ZADU provides two different interfaces for executing distortion measures. You can either use the main class that wraps the measures, or directly access and invoke the functions that define each distortion measure.

Using the Main Class

Use the main class of ZADU to compute distortion measures. This approach benefits from the scheduling scheme, providing faster performance.

from zadu import zadu

spec = {
    "tnc": { "k": 20 },
    "snc": { "k": 30, "clustering": "hdbscan" }
}
scores = zadu.ZADU(spec).run(hd, ld)
print("T&C:", scores[0])
print("S&C:", scores[1])

hd represents high-dimensional data, ld represents low-dimensional data

Directly Accessing Functions

You can also directly access and invoke the functions defining each distortion measure for greater flexibility.

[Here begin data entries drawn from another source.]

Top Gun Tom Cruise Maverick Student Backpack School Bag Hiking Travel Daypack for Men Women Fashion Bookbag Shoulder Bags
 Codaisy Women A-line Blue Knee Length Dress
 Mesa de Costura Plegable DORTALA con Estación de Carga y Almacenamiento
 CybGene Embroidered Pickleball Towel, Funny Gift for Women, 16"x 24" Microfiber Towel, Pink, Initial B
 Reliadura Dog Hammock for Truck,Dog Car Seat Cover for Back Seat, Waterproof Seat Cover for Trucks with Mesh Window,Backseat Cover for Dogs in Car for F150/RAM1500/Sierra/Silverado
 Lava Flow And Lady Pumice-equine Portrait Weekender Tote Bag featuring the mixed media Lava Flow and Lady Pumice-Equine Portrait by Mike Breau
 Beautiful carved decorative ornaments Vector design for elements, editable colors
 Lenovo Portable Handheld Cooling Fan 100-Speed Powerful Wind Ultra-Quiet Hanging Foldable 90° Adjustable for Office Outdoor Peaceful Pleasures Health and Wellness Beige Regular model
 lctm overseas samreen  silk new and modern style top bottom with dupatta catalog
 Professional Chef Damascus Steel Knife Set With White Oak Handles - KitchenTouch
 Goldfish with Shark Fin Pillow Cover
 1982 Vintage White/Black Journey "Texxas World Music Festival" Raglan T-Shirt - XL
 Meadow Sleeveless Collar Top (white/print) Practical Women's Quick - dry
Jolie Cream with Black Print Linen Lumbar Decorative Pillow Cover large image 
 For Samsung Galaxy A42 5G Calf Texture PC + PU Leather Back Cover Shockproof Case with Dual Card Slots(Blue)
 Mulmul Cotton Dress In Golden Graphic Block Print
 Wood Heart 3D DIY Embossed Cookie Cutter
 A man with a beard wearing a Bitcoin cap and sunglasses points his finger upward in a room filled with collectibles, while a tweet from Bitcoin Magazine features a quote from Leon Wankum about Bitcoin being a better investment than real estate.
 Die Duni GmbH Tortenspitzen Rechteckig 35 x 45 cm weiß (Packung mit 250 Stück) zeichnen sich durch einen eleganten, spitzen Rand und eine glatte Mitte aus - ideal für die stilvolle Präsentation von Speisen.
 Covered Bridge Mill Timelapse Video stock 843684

from zadu.measures import *

mrre = mean_relative_rank_error.run(hd, ld, k=20)
pr  = pearson_r.run(hd, ld)
nh  = neighborhood_hit.run(ld, label, k=20)

Advanced Features

Scheduling the Execution

ZADU optimizes the execution of multiple distortion measures through an effective scheduling scheme. It minimizes the computational overhead associated with preprocessing stages such as pairwise distance calculation, pointwise distance ranking determination, and k-nearest neighbor identification.

Computing Pointwise Local Distortions

Users can obtain local pointwise distortions by setting the return_local flag. If a specified distortion measure produces local pointwise distortion as intermediate results, it returns a list of pointwise distortions when the flag is raised.

from zadu import zadu

spec = {
    "dtm" : {},
    "mrre": { "k": 30 }
}
zadu_obj = zadu.ZADU(spec, return_local=True)
global_, local_ = zadu_obj.run(hd, ld)
print("MRRE local distortions:", local_["mrre"])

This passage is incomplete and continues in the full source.